Here in the bazaar office we are obsessed with all things grammar and writing. We share notes on the latest novels we are reading, and critique each other’s articles before they go out. The joy we find in weaving together sentences that paint a picture in your mind, is indescribable. So, when one of the bazaarites suggested we get together and take on the extreme writing challenge, NaNoWriMo, we jumped at the opportunity.
The competition started in 1999 in San Francisco when Chris Baty and 20 of his friends decided to challenge themselves to write a novel each in one month. In the growing city of Internet sensations and young millionaires, the freelance writer wanted to seize the moment of innovation exploding around him.

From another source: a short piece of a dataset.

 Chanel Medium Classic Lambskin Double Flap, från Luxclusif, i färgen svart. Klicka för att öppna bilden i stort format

For him and the first NaNoWriMo participants, the obsession was literary.
“In short, we adored novels and glorified writers, and thought that if, after a month’s labors, we could drain even the thinnest alliance with that world, something mysterious and transformational would happen to us,” wrote Baty in the introduction to his book No Plot No Problem.
The group met in coffee shops for writing marathons, pushed each other over writer’s block, and fueled themselves with caffeine. In the end, only half labored over the keyboard until the very end. The result? Six pretty bad novels, and a revelation.

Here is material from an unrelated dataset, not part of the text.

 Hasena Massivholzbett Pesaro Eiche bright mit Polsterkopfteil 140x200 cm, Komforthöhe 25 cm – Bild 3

“Writing requires editing, but getting the story out is the first, most important part,” said Baty. “The biggest thing separating people from their artistic ambitions is not lack of talent, it’s lack of deadline.”

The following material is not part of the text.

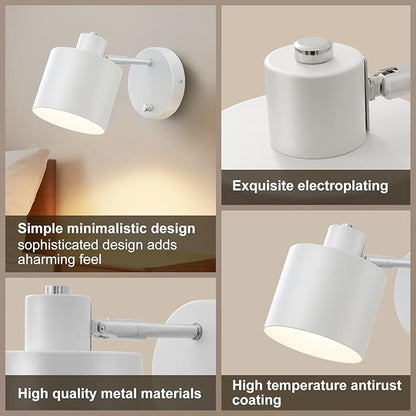 LIGHTESS Wall Sconces Set of Two with Switch, Dimmable Indoor Hardwired Wall Sconce, Industrial Wall Lights for Bedroom, Living Room, Bathroom, Hallway, Kitchen (Not Included Bulb)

Today, the competition attracts more than a quarter million participants and produces more than 35,000 winners. To win NaNoWriMo you must upload at least 50,000 words of an original nonfiction piece written during that month. That’s 1,666 words a day.
The competition has produced some great pieces, including Like Water For Elephants, a New York Times bestseller readapted for a feature film starring Reese Witherspoon. It has also produced some surprising authors including self-published 14-year-old high school student Hannah Powers with her novel Night and Day. Numerous books, blogs and how-to manuals have been produced to give participants that extra push to get to the finish line. Yet, not all the critique has been positive.
“Why does giving yourself permission to write a lot of crap so often seem to segue into the insistence that other people read it?” said Laura Miller in her Salon article ‘Better yet, DON’T write that novel’. “Nothing about NaNoWriMo suggests that it’s likely to produce more novels I’d want to read…Even if every one of these 30-day novelists prudently slipped his or her manuscript into a drawer, all the time, energy and resources that go into the enterprise strike me as misplaced.”
Miller’s post sparked much debate on the value of participating and completing the competition. She claims that publishers enter the month of November with dread, knowing that in 30 days they will have to start dealing with a flurry of first draft entries from winners dying to see the bound copy of their manuscripts. She suggests to the world to stop encouraging writers “who, let’s face it, will keep on pounding the keyboards whether we support them or not,” and start promoting readers. She claims there are already way too many novels out there.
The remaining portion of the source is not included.